▸ **Required action**: All lines from the one containing "Nemesia Red And" to the end of the entries below must be output exactly, and no other lines.

Web page caption snippets
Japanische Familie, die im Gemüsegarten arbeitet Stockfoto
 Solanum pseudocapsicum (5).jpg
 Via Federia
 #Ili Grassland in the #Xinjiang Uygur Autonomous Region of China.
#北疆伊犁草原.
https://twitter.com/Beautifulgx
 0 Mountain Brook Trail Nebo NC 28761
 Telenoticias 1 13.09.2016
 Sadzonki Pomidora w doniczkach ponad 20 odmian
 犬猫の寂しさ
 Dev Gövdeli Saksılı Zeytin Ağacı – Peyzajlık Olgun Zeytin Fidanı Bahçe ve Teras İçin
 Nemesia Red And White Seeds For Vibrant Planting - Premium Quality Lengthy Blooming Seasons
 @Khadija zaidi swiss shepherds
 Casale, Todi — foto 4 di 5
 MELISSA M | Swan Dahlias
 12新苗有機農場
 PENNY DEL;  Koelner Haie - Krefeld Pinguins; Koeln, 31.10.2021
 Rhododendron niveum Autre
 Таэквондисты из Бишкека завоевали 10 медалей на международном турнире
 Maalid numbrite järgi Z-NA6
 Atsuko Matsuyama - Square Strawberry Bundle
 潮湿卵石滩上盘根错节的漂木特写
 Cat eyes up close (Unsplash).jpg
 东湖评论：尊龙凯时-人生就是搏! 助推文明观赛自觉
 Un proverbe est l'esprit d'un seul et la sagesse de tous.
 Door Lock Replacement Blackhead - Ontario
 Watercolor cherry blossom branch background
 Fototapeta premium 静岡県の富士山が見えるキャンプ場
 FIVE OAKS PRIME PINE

▸ **Answer box**:
 Nemesia Red And White Seeds For Vibrant Planting - Premium Quality Lengthy Blooming Seasons
 @Khadija zaidi swiss shepherds
 Casale, Todi — foto 4 di 5
 MELISSA M | Swan Dahlias
 12新苗有機農場
 PENNY DEL;  Koelner Haie - Krefeld Pinguins; Koeln, 31.10.2021
 Rhododendron niveum Autre
 Таэквондисты из Бишкека завоевали 10 медалей на международном турнире
 Maalid numbrite järgi Z-NA6
 Atsuko Matsuyama - Square Strawberry Bundle
 潮湿卵石滩上盘根错节的漂木特写
 Cat eyes up close (Unsplash).jpg
 东湖评论：尊龙凯时-人生就是搏! 助推文明观赛自觉
 Un proverbe est l'esprit d'un seul et la sagesse de tous.
 Door Lock Replacement Blackhead - Ontario
 Watercolor cherry blossom branch background
 Fototapeta premium 静岡県の富士山が見えるキャンプ場
 FIVE OAKS PRIME PINE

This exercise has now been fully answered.